Parenting Can Suck But So Can Some Parents
Some parents suck at parenting. They have their reasons but when you're a kid you don't know that. You just assume that your parents know you best. They lead you to believe that you are ugly, lazy, stupid, too loud, too quiet, too sensitive, too weird, not polite enough, barely capable, an embarrassment. The thing is, if your parents can't find you lovable or redeeming, no one can, right? Including your self - that lovely, precious essence of you that is born trusting and open and curious.
For those of you who find yourself there, I tell you this: Your parents lied to you. I don't know why and it doesn't matter. They made you believe that you weren't good enough to deserve their love and adoration. They made you believe that you were broken and impossible to fix. They abandoned you and refused to protect you. You did nothing to bring this on. Instead, your parents redirected their own unhealed wounds at you.
People say, Your parents are doing/did their best. To which I respond, "Their best was not good enough. Not by a long shot." When the results of your best are a child who hates themself, a child who has lost all faith and trust in self and lives with the burden of unworthiness, you're not trying hard enough.

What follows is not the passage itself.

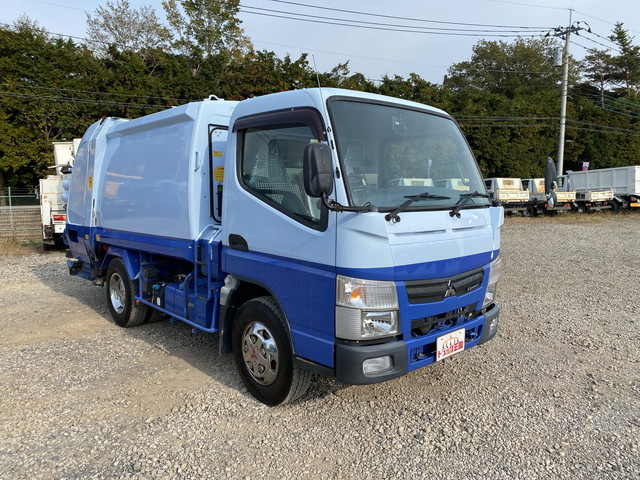 三菱ふそうキャンターパッカー車（塵芥車）小型（2t・3t）[写真04]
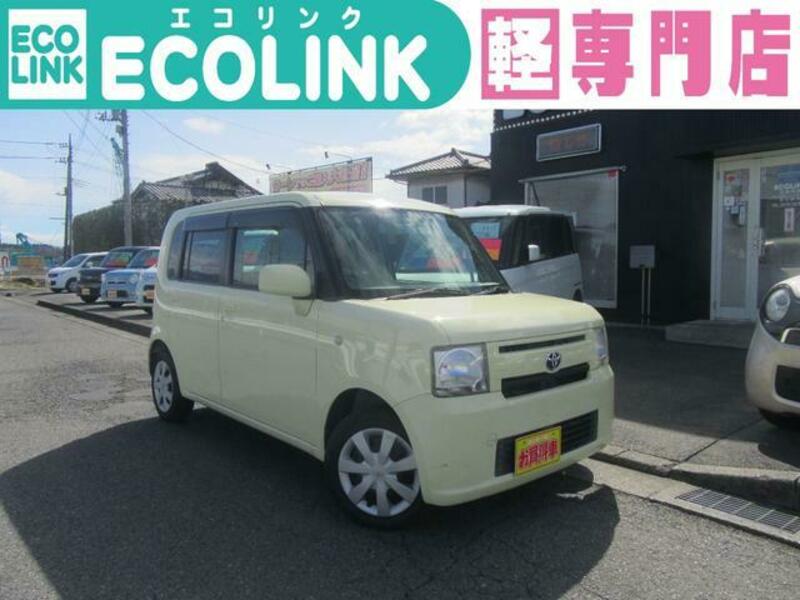 TOYOTA PIXIS SPACE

What Happened To You Is Not Your Fault But Healing From It Is Your Responsibility
Take in those words. Believe them. Write them on post-it notes and slap them on every wall, mirror, and lampshade you have. Maybe even your forehead. Write it on the back of your hand. Send yourself a text message. This is your new truth, let it sink in.
And then start your healing because no one else can do it for you. Prove your parents wrong. How you feel about yourself need not be a life sentence. It is within your control to change the conversation inside your head, change the story that was made up about you.